How do you know when it’s time to repot?
- Roots are growing through the bottom drainage holes
- Roots are pushing plant up and out of the container
- Plant is top-heavy and wants to fall over
- Soil dries out extremely quickly or has pulled away from the container sides and become hard
- Plant grows more slowly than usual
- Signs of salt/mineral build-up on top or bottom of the container
When is the best time to repot your plant?
Early spring, right at the start of the active growing season is often the best time for most plants. We suggest waiting about six weeks before repotting any new plant so it can adjust to its new environment without too many other change factors such as new container or different soil.
How often should I repot my indoor plants?
On average, mature plants should be repotted less frequently than young, faster-growing plants. Young plants may need to be repotted every 12 to 18 months, yet older plants that grow more slowly may be repotted every 2 to 3 years, or as needed.

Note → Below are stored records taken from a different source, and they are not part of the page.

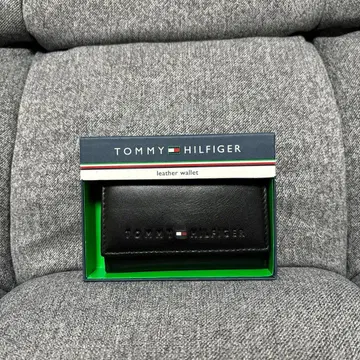 TOMMY HILFIGER 가죽 지갑 블랙 (새상품)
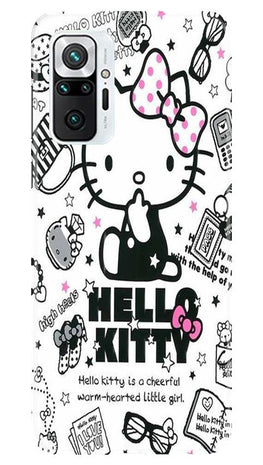 Hello Kitty Mobile Back Case for Redmi Note 10 Pro (Design - 361)
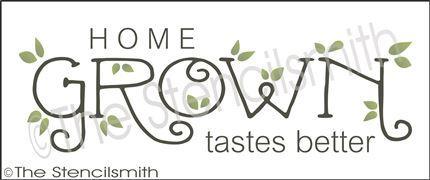 3049 - Home Grown tastes better - The Stencilsmith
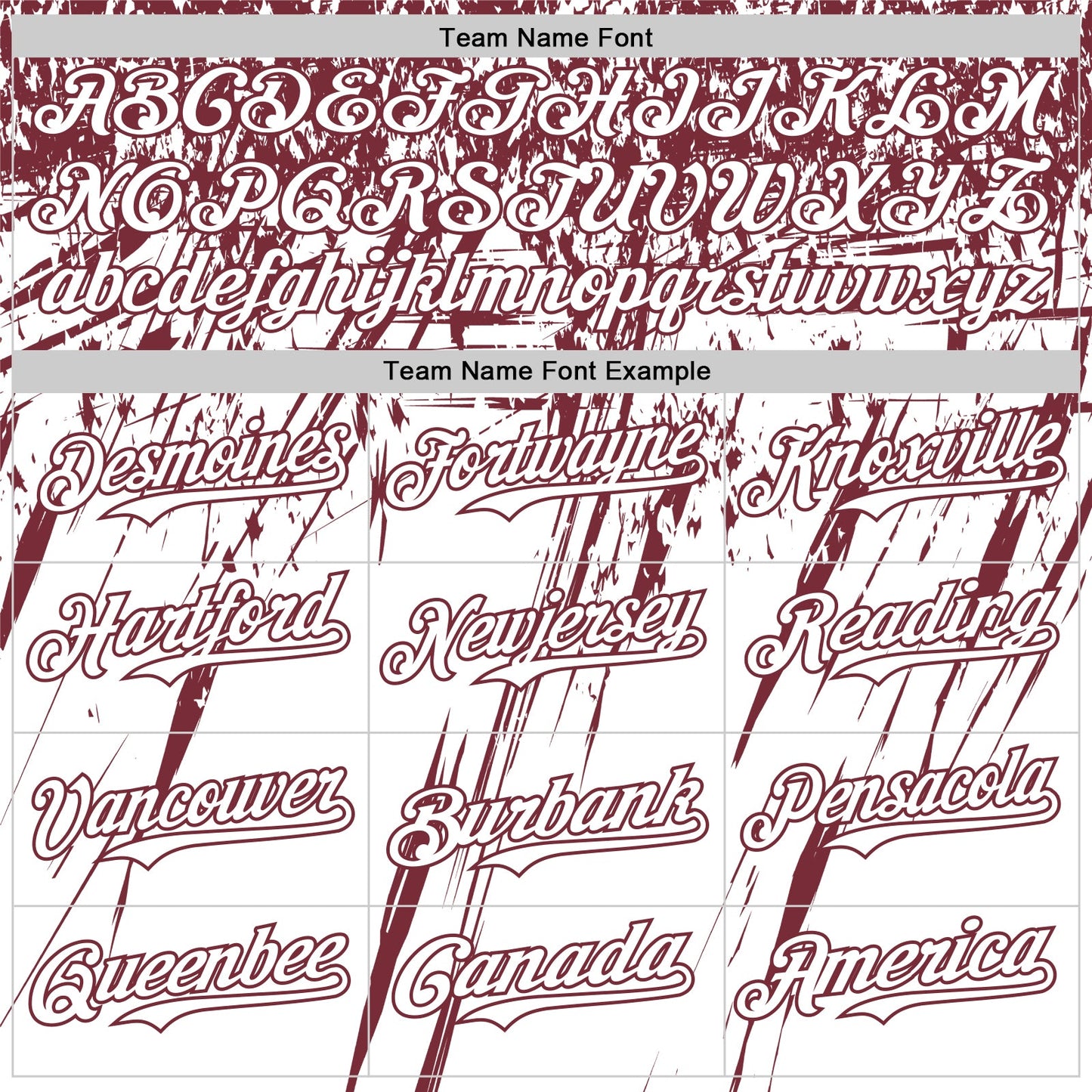 Custom White Burgundy Distressed Scratch Brush Stroke Authentic Baseball Jersey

How big should my container be?
It’s best to keep your new container no more than 2 to 3 inches larger in diameter than the one from which you are changing. Some plants may not need to have their container size increased, but still need their soil refreshed; in this case, you will want to remove about ⅓ to ½ of the old soil, loosen and lightly trim the roots, and add fresh soil to the bottom of the same or similar-sized container before replacing the plant in the pot and filling in the rest with fresh soil. Many types of popular indoor plants prefer to be in slightly small containers, especially those that are prone to overwatering or root rot (snake plants). However, some fast-growing plants can be planted in larger pots to accommodate and encourage rapid growth (monsteras).
Common Potting Soil Ingredients
Peat Moss/Sphagnum Moss: a mined, organic material composed of partially decayed plant matter. It improves air circulation and retains water. It is acidic in nature and contains less or no nutrients, and if you’re using peat, you can add 1/4 tablespoon lime per gallon in the mix to balance the pH. Although it is comprised only of organic material, it is not truly a renewable material as it takes thousands of years for wetlands to develop into peat reservoirs. See coco fiber/coconut coir below for alternative to peat moss.
Coco Fiber/Coconut Coir: a trending potting soil ingredient made of shredded coconut skins, used to add bulk to potting soil mixes. It has the benefit of not being a mined product, and instead provides a use for something that may have been a waste product; it is a more sustainable alternative to peat moss and also a pH-neutral product. The downside of coconut coir as a potting soil ingredient is that it needs to be transported to northern areas where coconuts don’t grow. If you live far away from the production of coconut coir, you’ll have to weigh the sustainability of transporting the coir to your area versus another alternative. Check out what’s available in your area and decide what’s best for you. Some people choose to mix peat and coir to get the benefits of both and balance out the drawbacks.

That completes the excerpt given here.